Keep alive on shared server

Hi, I’m new to HangFire. I set it up and it’s working fine, but I have another issue. I hosted it on a shared server (school project) so I don’t exactly have access to IIS and can’t configure it to keep this alive. I’ve read that if you simply ping it regularly you can keep it alive. But it doesn’t, for some reason. So, is there any way to keep it alive using code or something, without having to resort to IIS?

It’s not a literal “ping” in the TCP/IP sense. For this purpose, “ping” means to have a little program request a web page from IIS on a regular basis. Doing this means IIS will continue to see your site as being busy (not idle) and therefore not shut it down after a period of inactivity.

What sort of PC or device do you have available to run the ping from?

Hi, I forgot to mention I used a service to do that. In this case, uptimerobot. I tried pings, http requests… I have messaged them at uptimerobot and I’ve been told that some setups are not kept alive by head requests. And they suggested I tried keyword monitoring, which sends GET requests. I haven’t tried it yet but when I do I’ll update you.

You could try to execute your hangfire server within a Windows Service.

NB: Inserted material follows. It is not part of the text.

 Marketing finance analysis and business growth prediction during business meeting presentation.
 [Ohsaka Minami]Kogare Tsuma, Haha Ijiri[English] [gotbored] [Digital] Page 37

This shouldn’t be affected by IIS in that case.

Hi. That wasn’t required, fortunately. I saw your comment yesterday but I wanted to make sure of what I was saying.

And it seems that using uptimerobot’s keyword request work great. I have recurring tasks that need to be done every 2 hours and it’s alive since yesterday., so yes, apparently it works.

As stated by them at uptimerobot: “Some setups are not kept alive with HEAD requests. Yet, keyword monitoring sends GET requests and you can give it a try with keyword monitors.”.

This followed after I asked them about the ping and HTTP requests, which were supposed to work but they didn’t.

So, that’s that. If anyone needs to have a windows simulated service they must definitely try one of these requests.

Although, I want to thank you all who tried to help. Big thanks. :slight_smile:

Even more simply, schedule a job that hits your web application every few minutes. No external service required.

Sure, but I’d be back to square one. How would I keep that job active? I have to use a shared server and in a shared server I can’t access the IIS. I could have a computer do that with a windows scheduled task, but I can’t have it on 24/7.

If this was a big company project sure the company would provide that stuff. But that’s not the case.

No, that totally works. A job that does nothing but use httpclient to get your web page. I’m on mobile or I’d post an example. But just schedule job minutely, to retrieve your page. You’re not doing anything with IIS specifically, but just keeping your app domain from being unloaded

Hm… So, you mean, in the same web page have both my current task and an http task? And how would I do that? I haven’t yet used httpclient before.

Late reply, but if you do something like this:

    public static class Pinger
        static void Setitup()
            RecurringJob.AddOrUpdate(() =>  Pinger.Ping(""), Cron.MinuteInterval(5));
        static HttpClient client = new HttpClient();
        public static void Ping(string  url)

In your web applications startup, just call Pinger.Setitup() . That job will fire every 5 minutes, and if your web application doesn’t shut down in less time that 5 minutes, your web app, and the background job servers within it will not be unloaded from the host.